L‘episodio di prepotenza di un console Romano di passaggio per Teano, tramandatoci da Aulo Gellio è ben noto: “Arriva un console a Teano; viene in capo alla consolessa di prendere un bagno nel reparto maschile delle terme anziché in quello delle donne, così il notabile del tempo dà subito ordine che si mettano fuori i bagnanti per lasciar la terma a disposizione della dama. Ma o che quello sfratto improvviso non fosse stato molto sollecito o che la consolessa non trovasse l'arredamento del locale adeguato alle sue esigenze e al suo malumore, fatto sta che , in men che non si dica, il notabile è messo al palo e punito a morte a suon di verghe”.

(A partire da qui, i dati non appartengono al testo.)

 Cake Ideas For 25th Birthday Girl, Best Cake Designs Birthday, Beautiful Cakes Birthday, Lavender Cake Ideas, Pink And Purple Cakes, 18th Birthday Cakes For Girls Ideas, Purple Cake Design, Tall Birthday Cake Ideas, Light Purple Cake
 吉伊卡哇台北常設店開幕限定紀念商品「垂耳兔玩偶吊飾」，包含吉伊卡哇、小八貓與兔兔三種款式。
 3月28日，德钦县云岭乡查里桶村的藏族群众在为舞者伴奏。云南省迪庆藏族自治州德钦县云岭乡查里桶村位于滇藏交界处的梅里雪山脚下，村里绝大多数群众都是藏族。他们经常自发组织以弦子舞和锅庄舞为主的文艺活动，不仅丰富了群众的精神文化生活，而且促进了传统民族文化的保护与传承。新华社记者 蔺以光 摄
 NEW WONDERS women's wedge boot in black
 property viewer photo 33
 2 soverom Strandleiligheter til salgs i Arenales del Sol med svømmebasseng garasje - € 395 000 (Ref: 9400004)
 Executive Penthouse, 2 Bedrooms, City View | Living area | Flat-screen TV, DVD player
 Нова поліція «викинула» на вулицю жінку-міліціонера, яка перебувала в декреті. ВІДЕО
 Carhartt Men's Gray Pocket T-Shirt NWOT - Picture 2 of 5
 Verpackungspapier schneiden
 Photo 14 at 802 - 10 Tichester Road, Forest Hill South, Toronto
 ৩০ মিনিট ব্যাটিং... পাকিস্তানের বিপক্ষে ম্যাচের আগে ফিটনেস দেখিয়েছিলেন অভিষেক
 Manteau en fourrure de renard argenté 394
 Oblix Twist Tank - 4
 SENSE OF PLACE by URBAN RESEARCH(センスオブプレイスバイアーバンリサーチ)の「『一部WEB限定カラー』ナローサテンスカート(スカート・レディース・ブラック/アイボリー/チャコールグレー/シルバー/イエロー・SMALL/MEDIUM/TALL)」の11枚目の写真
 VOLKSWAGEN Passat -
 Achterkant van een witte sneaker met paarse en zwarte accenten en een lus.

Probabilmente la storiella è ampliata, vero è, che, a scanso di guai, nella vicina Cales il consiglio dei decurioni decretò che quando un magistrato romano si trovasse per disgrazia a passare da quelle parti si proibisse a chiunque di prendere i bagni nella pubblica terma.
L'episodio riportato da Aulo Gellio (II s.d.c.) è certamente di età romana più arcaica, probabilmente della prima repubblica, perche già nell'ultimo periodo della Repubblica in Roma e poi per tutto l'impero, le donne e gli uomini frequentavano mescolati le stesse terme, con la sola accortezza degli spogliatoi separati.
Le terme erano dunque dei centri di benessere attraverso l'uso dell'acqua dove si aveva l'occasione per uomini e donne di esibire corpi succintamente vestiti in un gioco di seduzione, esibizionismo e “rimorchio”, un po' l'equivalente delle nostre piscine. In questi luoghi vi erano delle piccole arene dove gli uomini si dedicavano agli esercizi ed alla lotta con i loro muscolosi corpi lucidi perché plasmati dalle essenze di oli e che attiravano non pochi sguardi interessati delle romane.
Il modello di uomo desiderabile alle donne di quel tempo non è cambiato molto dal modello di uomo che piace oggi alle nostre donne: un po' abbronzato e atletico, con glutei prominenti, cosce tornite (e depilate, usavano anche depilare le braccia ammorbidendo i peli con gusci di noci arroventate prima di rasarli), spalle larghe, schiena lunga e petto ampio.
Ma come erano vestite le donne che passeggiavano sui bordi della grande piscina dove molti si immergevano alla fine del tepidarium – calidarium - frigidarium? I loro abiti erano una vera provocazione: di seta trasparentissima che non riuscivano a celare tutti i dettagli del corpo. “S'intravedono i glutei formosi, persino le fossette sopra di essi, e poi la linea delle scapole e la forma dei seni che spingono contro il tessuto creando un calco perfetto del capezzolo, del quale s'indovina ogni dettaglio ed il colore … “. I loro sinuosi corpi apparivano accuratamente depilati anche nelle parti intime, come si può vedere, oltre che dalle cronache, dai molteplici affreschi erotici pervenutici.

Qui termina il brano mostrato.